**** DATA RECORDS
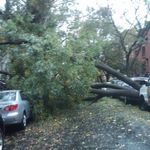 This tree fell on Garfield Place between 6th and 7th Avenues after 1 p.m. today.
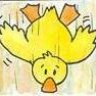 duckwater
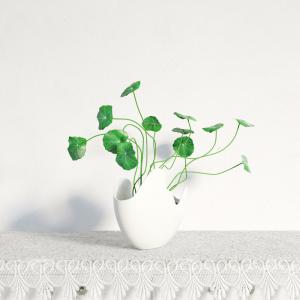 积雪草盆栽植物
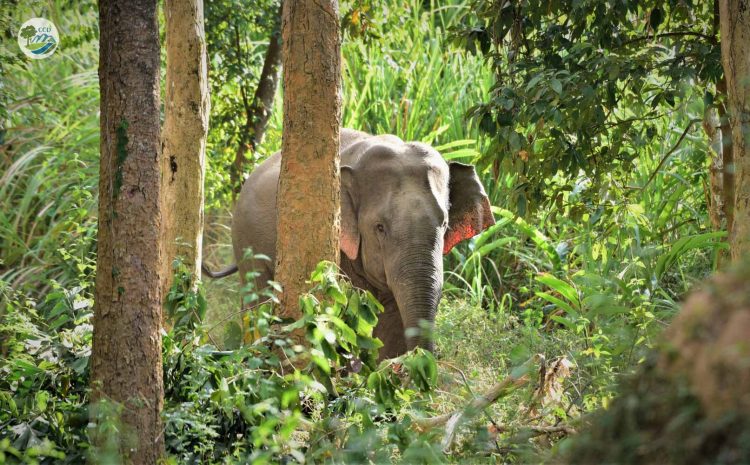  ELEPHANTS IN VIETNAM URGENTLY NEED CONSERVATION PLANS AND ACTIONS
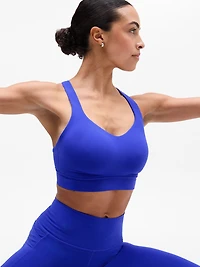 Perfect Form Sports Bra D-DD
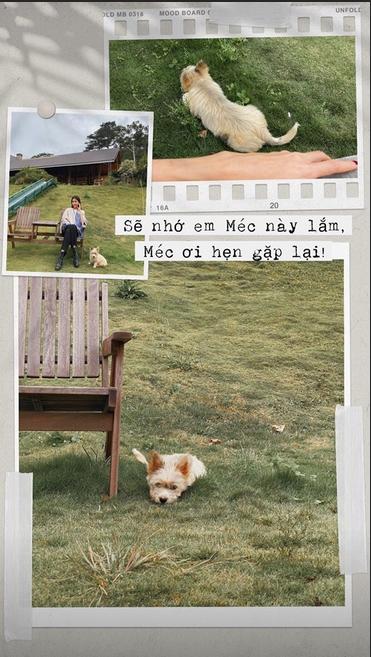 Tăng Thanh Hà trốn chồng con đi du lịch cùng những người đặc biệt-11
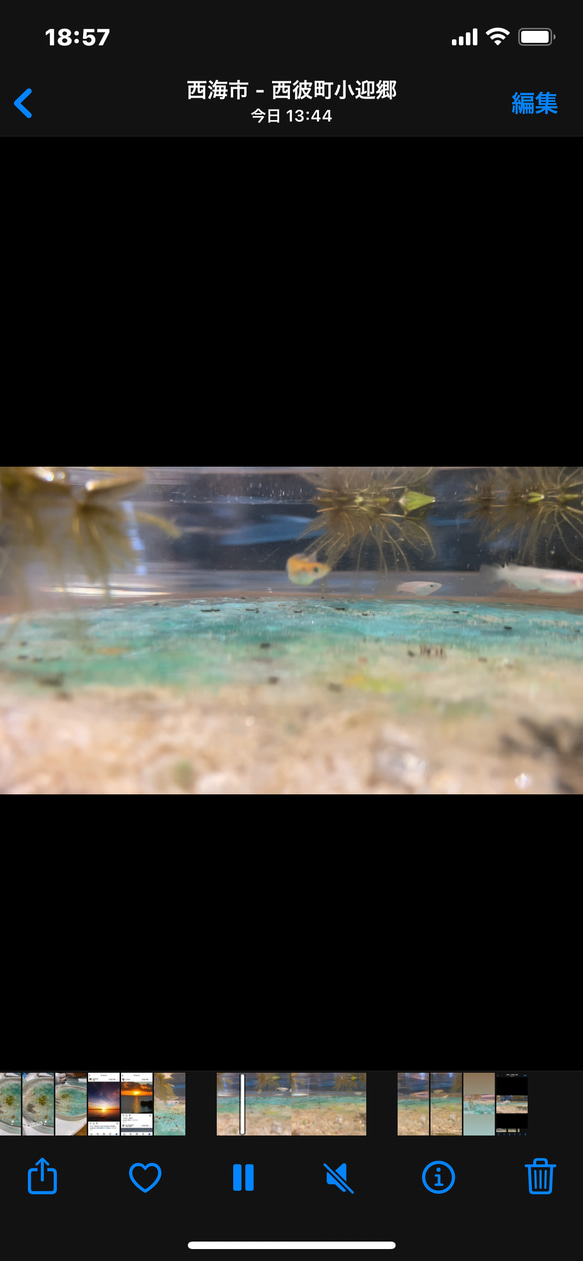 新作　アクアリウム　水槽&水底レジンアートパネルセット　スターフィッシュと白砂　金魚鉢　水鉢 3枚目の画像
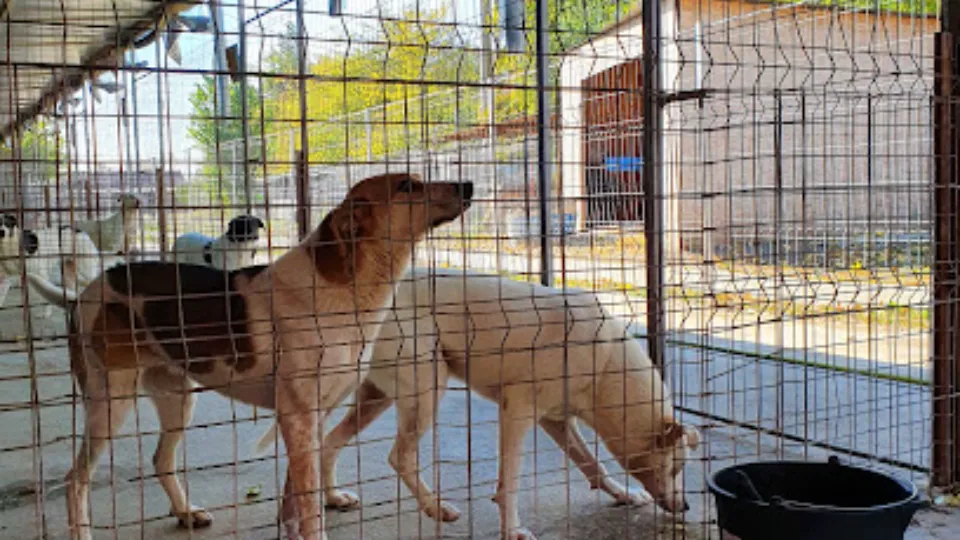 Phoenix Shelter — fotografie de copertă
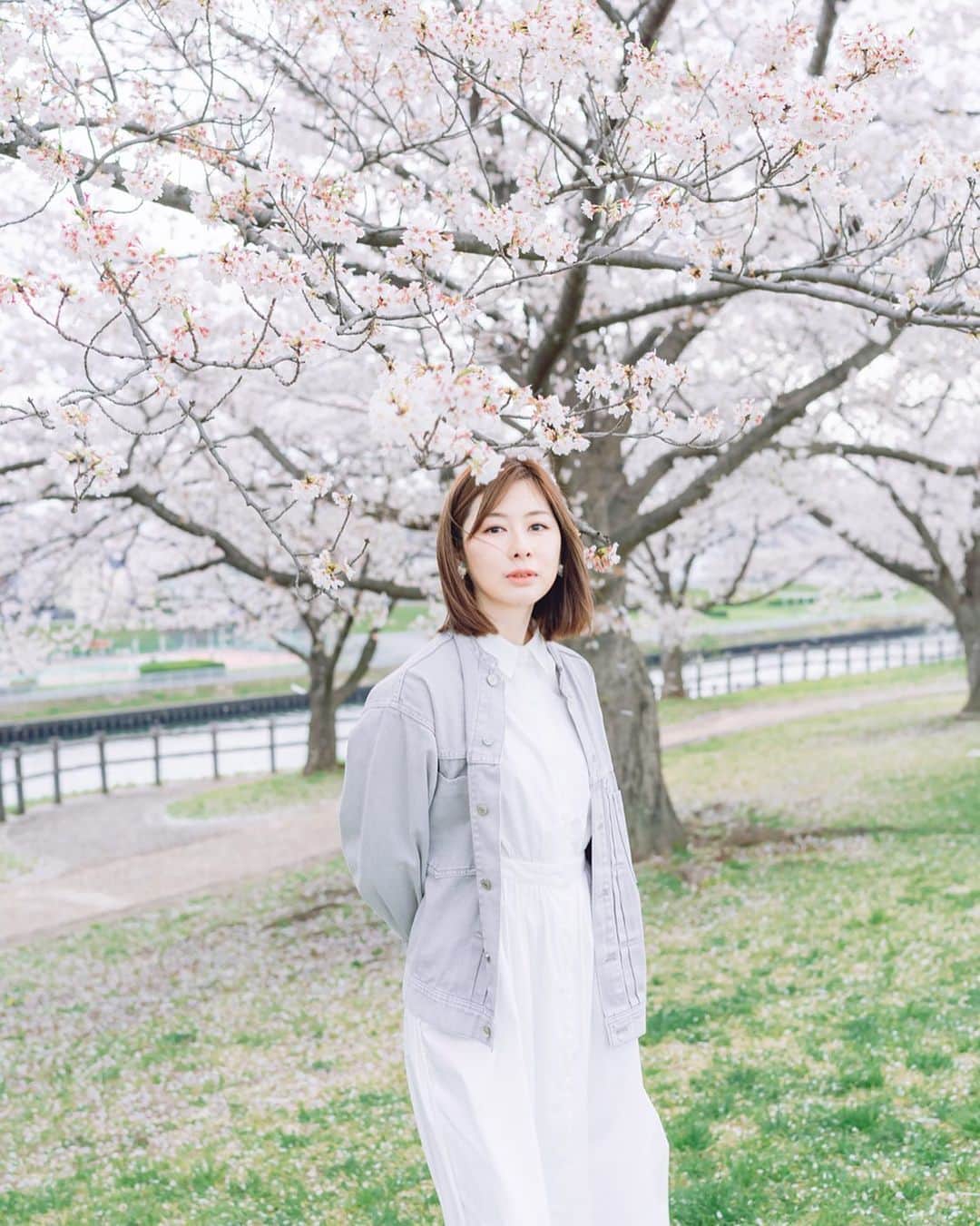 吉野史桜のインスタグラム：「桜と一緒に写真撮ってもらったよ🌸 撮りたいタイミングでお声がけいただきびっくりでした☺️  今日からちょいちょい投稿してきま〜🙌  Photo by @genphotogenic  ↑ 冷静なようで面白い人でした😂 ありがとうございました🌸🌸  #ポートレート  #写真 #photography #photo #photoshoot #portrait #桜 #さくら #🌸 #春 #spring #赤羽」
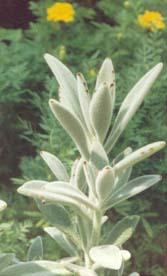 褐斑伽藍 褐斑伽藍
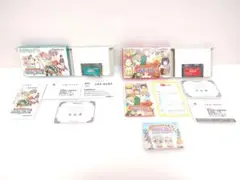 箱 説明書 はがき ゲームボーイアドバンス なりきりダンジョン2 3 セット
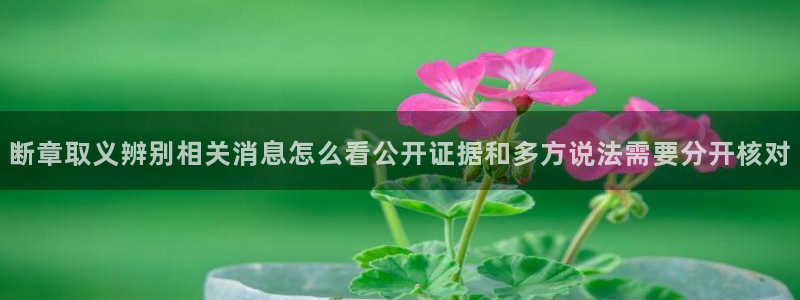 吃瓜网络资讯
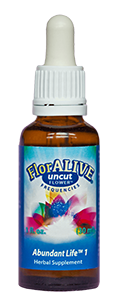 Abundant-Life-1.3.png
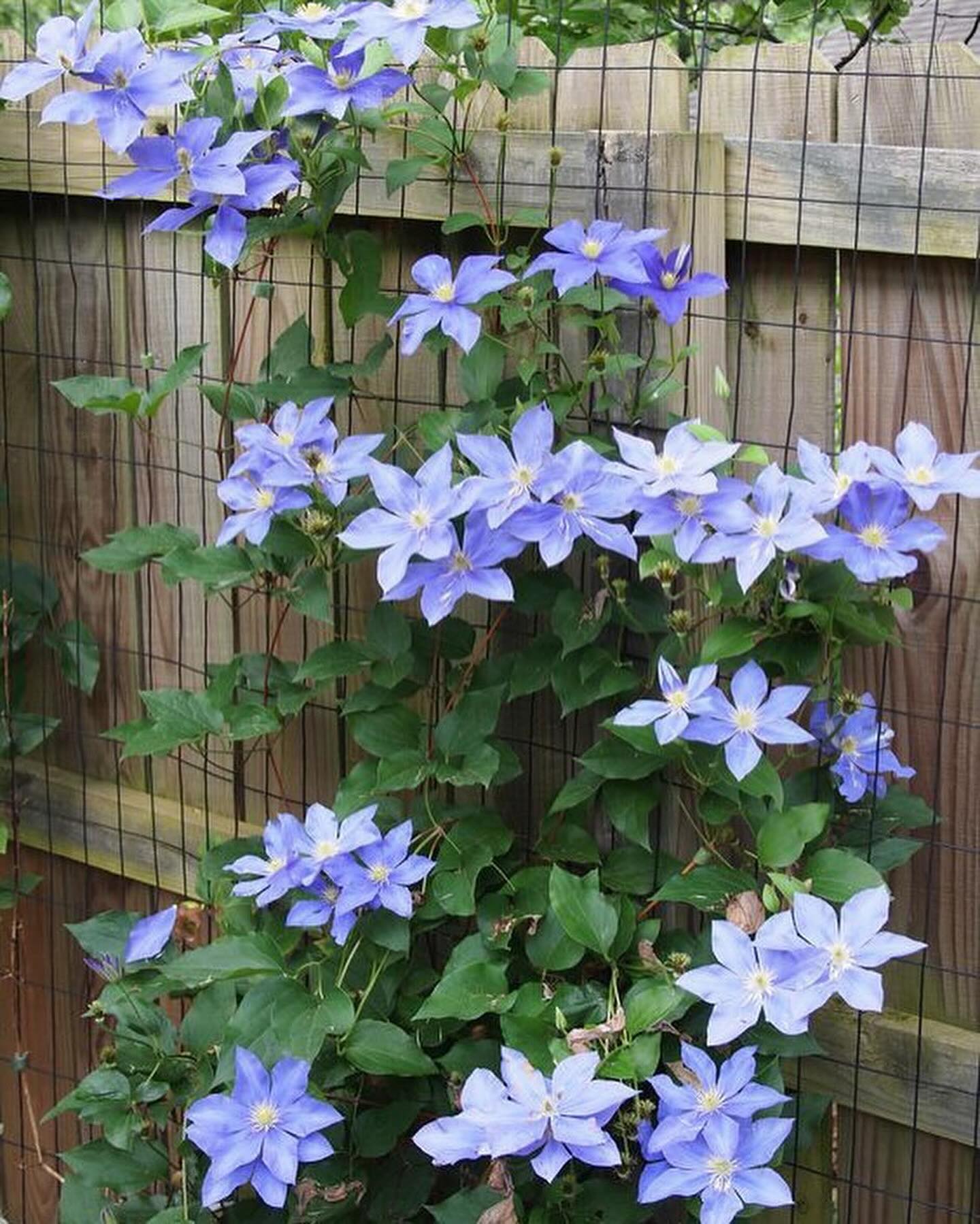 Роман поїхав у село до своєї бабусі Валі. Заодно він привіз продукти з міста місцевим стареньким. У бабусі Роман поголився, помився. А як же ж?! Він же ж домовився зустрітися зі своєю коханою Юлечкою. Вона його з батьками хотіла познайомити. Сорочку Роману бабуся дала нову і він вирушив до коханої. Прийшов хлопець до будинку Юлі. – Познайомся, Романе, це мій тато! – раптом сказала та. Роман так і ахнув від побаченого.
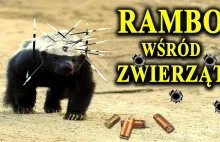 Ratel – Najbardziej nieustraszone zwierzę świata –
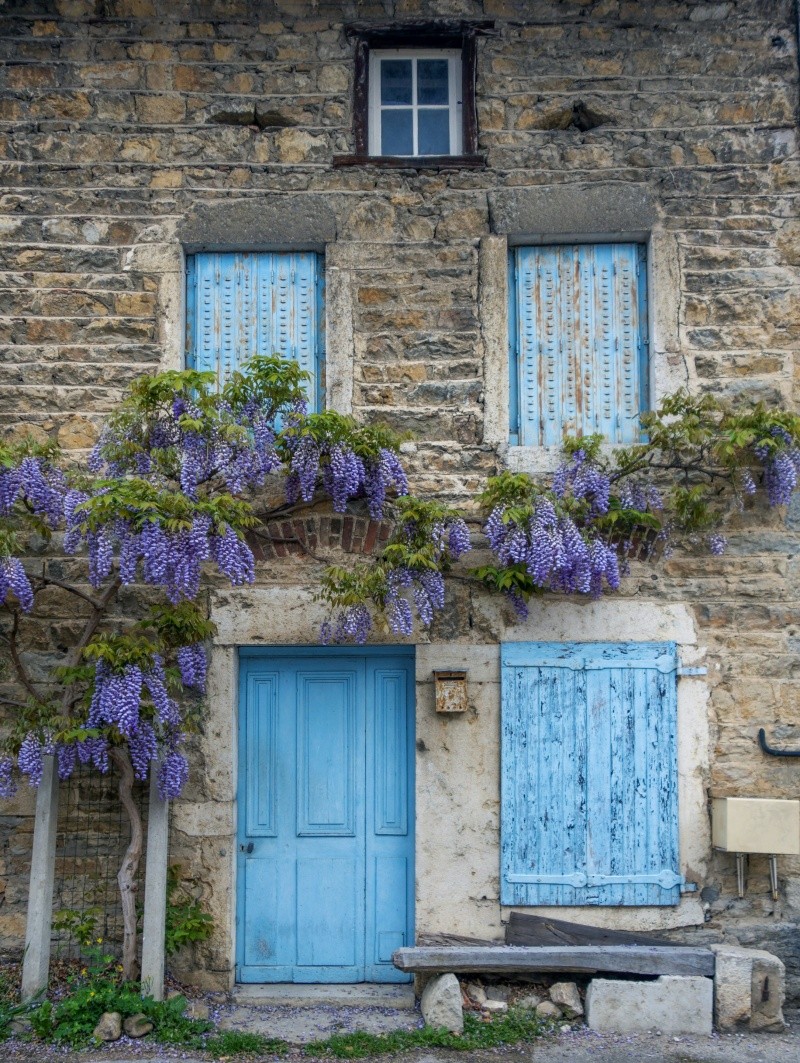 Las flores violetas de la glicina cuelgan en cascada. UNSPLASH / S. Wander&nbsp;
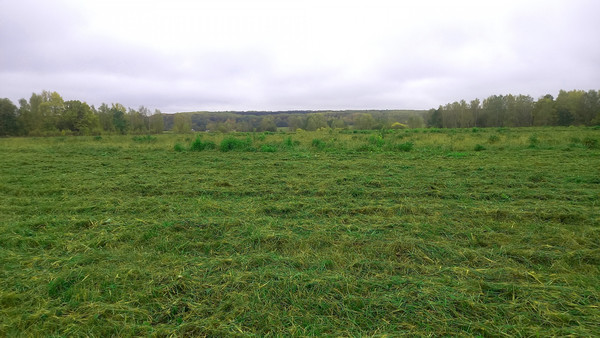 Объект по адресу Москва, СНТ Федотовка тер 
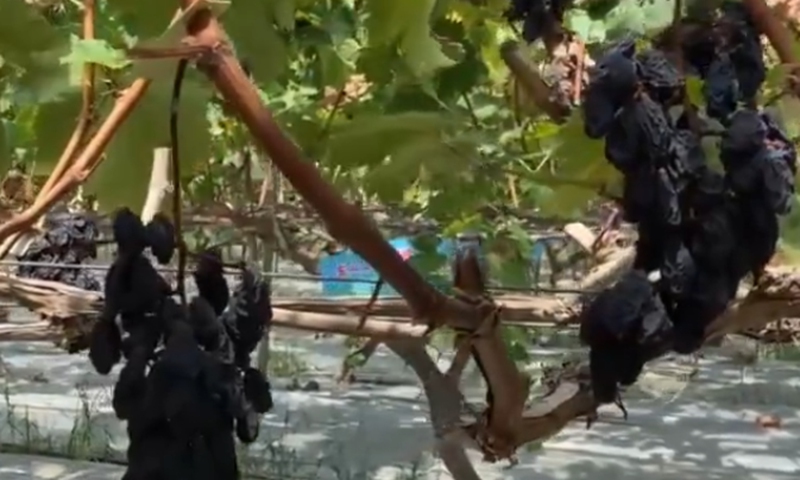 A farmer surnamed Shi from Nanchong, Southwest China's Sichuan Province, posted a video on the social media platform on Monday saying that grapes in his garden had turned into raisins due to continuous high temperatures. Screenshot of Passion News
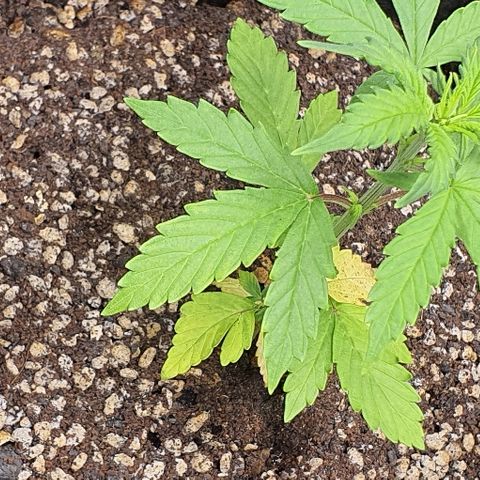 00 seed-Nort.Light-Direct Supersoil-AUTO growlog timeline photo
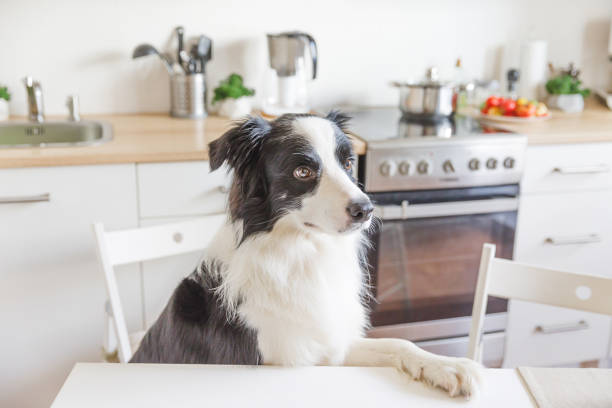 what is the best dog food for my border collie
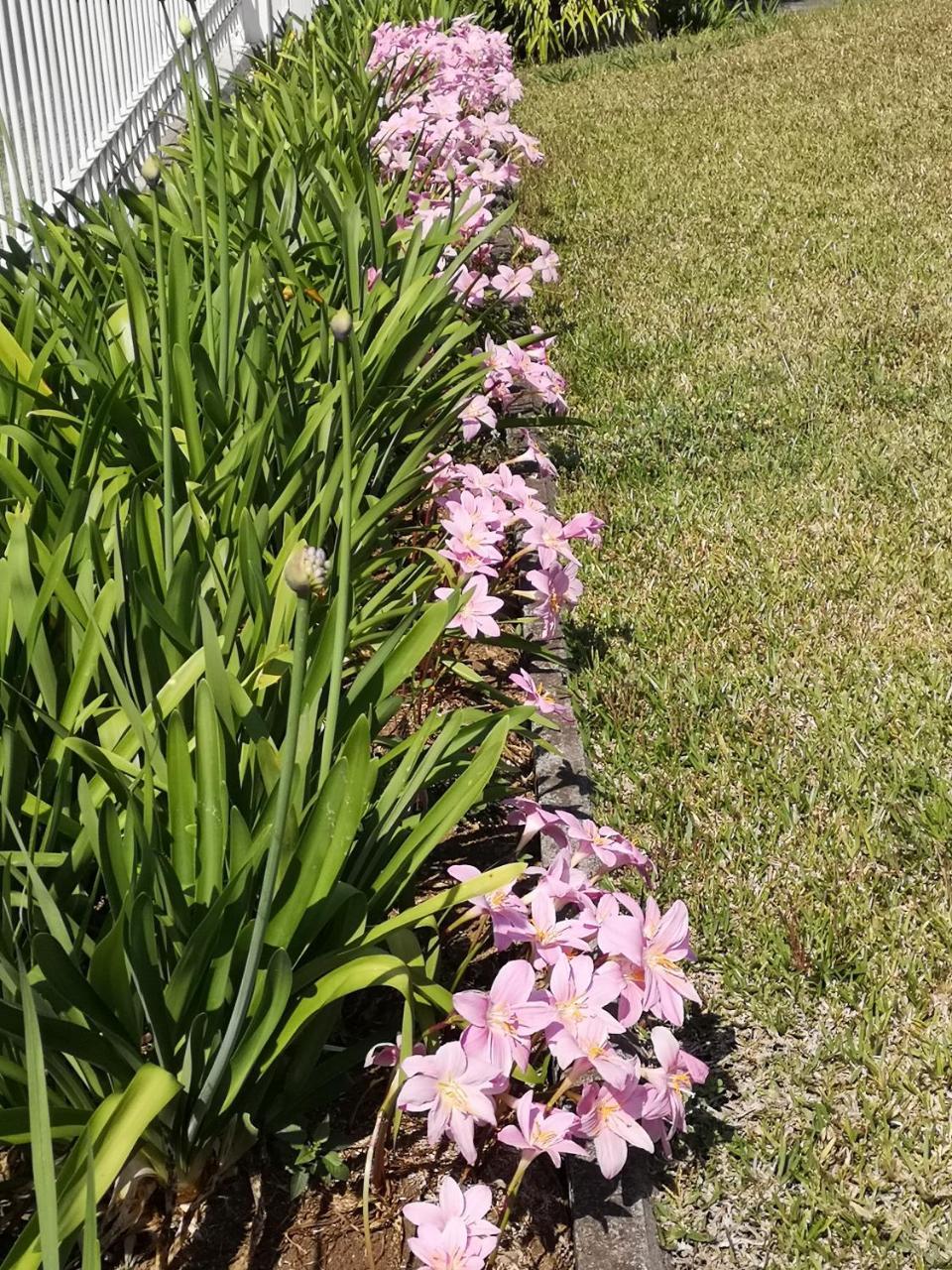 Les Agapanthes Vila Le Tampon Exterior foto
********
§ WORK INSTRUCTIONS
Please copy out from the data above, without any picture, exactly the lines running from the one that holds "新作　アクアリウム　水槽&水" through the one that holds "Abundant-Life-1.3.png", and nothing beyond them.

§ RESPONSE AREA
 新作　アクアリウム　水槽&水底レジンアートパネルセット　スターフィッシュと白砂　金魚鉢　水鉢 3枚目の画像
 Phoenix Shelter — fotografie de copertă
 吉野史桜のインスタグラム：「桜と一緒に写真撮ってもらったよ🌸 撮りたいタイミングでお声がけいただきびっくりでした☺️  今日からちょいちょい投稿してきま〜🙌  Photo by @genphotogenic  ↑ 冷静なようで面白い人でした😂 ありがとうございました🌸🌸  #ポートレート  #写真 #photography #photo #photoshoot #portrait #桜 #さくら #🌸 #春 #spring #赤羽」
 褐斑伽藍 褐斑伽藍
 箱 説明書 はがき ゲームボーイアドバンス なりきりダンジョン2 3 セット
 吃瓜网络资讯
 Abundant-Life-1.3.png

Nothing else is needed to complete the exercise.